According to an editorial in the Chicago Sun-Times, jails in Illinois have become “de facto holding centers for the mentally ill” due to the shortage of available beds at psychiatric facilities. In February, Iowa faced a similar problem, as the lack of available mental health services in Iowa communities led to a rise in civil commitments to their prison system. In both situations, significant reductions in funding for community-based services have forced the criminal justice system to assume a greater role in mental health.

Currently, Illinois sheriffs are pushing a bill that would set a limit on how long an inmate deemed unfit to stand trial could remain in a county jail. After the limit has been reached, the sheriff would then have the authority to authorize a transfer to the nearest state mental health facility. As the editorial correctly points out, however, this would do nothing to address the overall lack of available mental health services—even though it would reduce the direct burden on the corrections system.

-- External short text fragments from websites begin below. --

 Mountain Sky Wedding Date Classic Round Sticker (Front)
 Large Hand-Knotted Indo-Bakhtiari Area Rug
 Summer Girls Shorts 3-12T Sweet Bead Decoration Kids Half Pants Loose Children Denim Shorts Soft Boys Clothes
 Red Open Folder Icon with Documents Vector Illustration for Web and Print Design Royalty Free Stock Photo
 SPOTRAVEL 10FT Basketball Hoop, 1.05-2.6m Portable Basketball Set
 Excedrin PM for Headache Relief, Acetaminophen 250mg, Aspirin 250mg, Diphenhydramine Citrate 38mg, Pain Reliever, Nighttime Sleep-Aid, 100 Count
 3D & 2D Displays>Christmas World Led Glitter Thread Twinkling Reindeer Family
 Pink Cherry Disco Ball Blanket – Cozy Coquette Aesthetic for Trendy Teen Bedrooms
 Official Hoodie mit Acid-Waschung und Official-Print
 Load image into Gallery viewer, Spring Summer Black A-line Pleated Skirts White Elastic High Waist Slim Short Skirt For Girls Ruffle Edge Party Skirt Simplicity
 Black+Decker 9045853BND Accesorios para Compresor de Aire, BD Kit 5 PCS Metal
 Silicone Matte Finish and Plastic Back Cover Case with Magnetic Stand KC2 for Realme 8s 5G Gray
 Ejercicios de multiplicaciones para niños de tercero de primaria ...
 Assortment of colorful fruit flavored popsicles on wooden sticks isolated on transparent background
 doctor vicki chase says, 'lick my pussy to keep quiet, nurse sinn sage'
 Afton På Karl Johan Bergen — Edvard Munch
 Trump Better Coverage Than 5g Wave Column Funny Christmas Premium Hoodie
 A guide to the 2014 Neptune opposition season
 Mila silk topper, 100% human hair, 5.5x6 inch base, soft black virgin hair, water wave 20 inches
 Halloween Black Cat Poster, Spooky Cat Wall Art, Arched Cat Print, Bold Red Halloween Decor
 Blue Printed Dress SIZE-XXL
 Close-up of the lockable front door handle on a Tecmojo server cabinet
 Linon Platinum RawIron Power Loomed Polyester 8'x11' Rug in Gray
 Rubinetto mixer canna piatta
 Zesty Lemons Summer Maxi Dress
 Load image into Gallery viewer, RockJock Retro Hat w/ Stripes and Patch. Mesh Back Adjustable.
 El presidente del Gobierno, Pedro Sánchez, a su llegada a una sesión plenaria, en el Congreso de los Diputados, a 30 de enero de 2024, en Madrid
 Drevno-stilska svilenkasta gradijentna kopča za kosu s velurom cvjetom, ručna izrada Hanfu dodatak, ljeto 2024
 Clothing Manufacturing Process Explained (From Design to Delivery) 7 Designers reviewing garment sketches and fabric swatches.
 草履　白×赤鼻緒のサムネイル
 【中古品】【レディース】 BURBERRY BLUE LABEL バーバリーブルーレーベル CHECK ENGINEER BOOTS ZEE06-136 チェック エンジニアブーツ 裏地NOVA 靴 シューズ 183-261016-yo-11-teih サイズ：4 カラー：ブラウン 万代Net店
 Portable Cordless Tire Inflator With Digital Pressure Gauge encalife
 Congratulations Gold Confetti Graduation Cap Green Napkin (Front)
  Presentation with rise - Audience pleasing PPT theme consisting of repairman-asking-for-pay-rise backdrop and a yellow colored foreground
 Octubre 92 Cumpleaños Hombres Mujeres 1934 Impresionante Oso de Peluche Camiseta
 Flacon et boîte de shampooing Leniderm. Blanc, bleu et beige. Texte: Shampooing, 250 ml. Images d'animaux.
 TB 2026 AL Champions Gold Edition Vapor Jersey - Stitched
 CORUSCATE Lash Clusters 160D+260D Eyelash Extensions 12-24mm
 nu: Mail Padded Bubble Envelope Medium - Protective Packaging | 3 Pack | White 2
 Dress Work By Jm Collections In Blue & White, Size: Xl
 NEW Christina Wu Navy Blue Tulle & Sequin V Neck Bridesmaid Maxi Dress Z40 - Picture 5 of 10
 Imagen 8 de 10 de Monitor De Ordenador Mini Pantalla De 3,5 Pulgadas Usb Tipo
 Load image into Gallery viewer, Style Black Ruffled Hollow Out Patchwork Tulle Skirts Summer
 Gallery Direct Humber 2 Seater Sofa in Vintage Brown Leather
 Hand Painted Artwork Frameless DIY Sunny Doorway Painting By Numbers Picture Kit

According to a report by the National Sheriffs’ Association and the Treatment Advocacy Center, a seriously mentally ill person in the United States is three times more likely to be incarcerated than hospitalized. And since jails and prisons are not created to be de facto mental hospitals, there are a number of problems associated with placing large numbers of seriously mentally ill individuals into jails and prisons. In particular, mentally ill inmates cost much more. In Texas prisons, for example, the average prisoner costs the state about $22,000 per year, but prisoners with mental illness cost between $30,000 and $50,000.

In addition to the costs of incarceration, recidivism rates for mentally ill inmates are higher, their stays are longer, they are more difficult to manage, and they are more likely to commit suicide. So while the massive budget deficits that states are facing makes it difficult to advocate increased spending, “cutting corners on vital services now will only cost us more down the road.”